Researching on a social issue of Taitung was another learning goal of the students during the service-learning trip. Based on the topics selected by each group, they interviewed different stakeholders to comprehend and analyse the issues from divergent perspectives. It also gave them an opportunity to learn from and be inspired by the interviewees’ stories. From the sharing by the community officers, the students felt their love for their hometown, realised the significance of taking attempts courageously, and learned that passion and enthusiasm were key elements for overcoming obstacles; from the elders’ sharing, they recognised the importance of help among neighbours in communities, and discovered a simple way to gain happiness; from the interaction with a grandparent-led family, the students understood the need for mutual respect and tolerance between the old and the young; from the conversation with the young adults returning to hometowns, they were inspired to think of the possibility of integrating traditional culture and modern promotion techniques in community development, as well as understand that young people have to bear the responsibility of their community or tribe inheritance. What the students learned about and got inspired by, like harbour beacons, would guide them at different stages of their life.

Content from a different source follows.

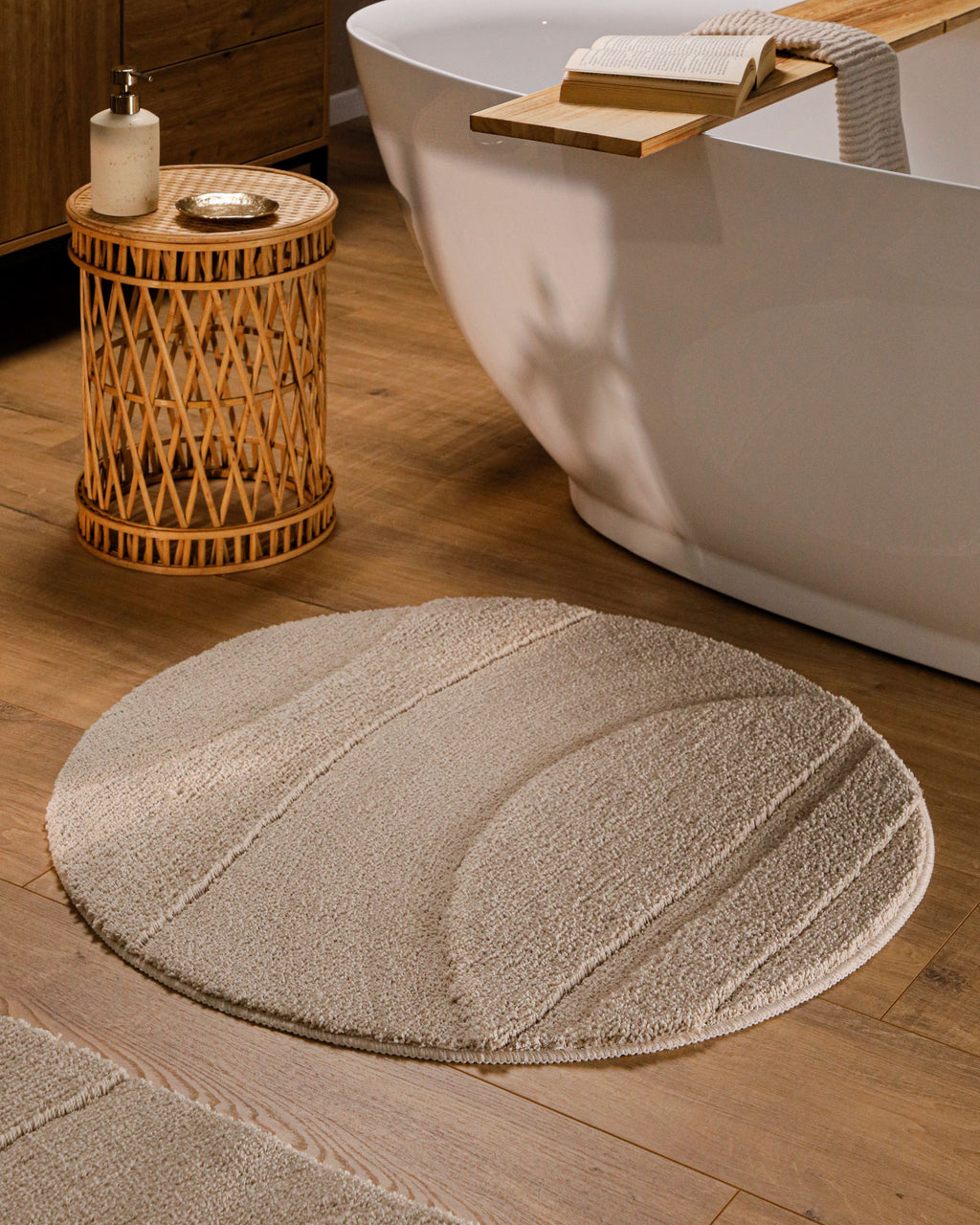 Badteppich von BathKing by WECONhome Marc Sand Beige Detailaufnahme mit umgeschlagener Ecke, Hinweisgrafik zur rutschhemmenden Rückseite und Waschbarkeit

Taitung is a place full of possibilities where the students seemed to be given incredible courage to make ceaseless attempts. Sixteen Chung Chi students kept challenging themselves during the fifteen-day service-learning trip and forged a close friendship with the locals, classmates, and teachers. Instead of saying goodbye, the journey ended with “Aray ”, which means “thank you” from the Amis. The students and local people hope to memorise all the unforgettable moments wholeheartedly and look forward to the next time they gather again. The tour coach once again drove along the beautiful coastline of Taitung. The difference was not just the direction, but also the change in the students’ minds. Driven by the spirit of the “Eight Wild Deer”, which refers to a “fool” with reference to “バカ” in Japanese and represents the locals’ perseverance and courage to try, the students would continue to learn from providing services and grow from learning.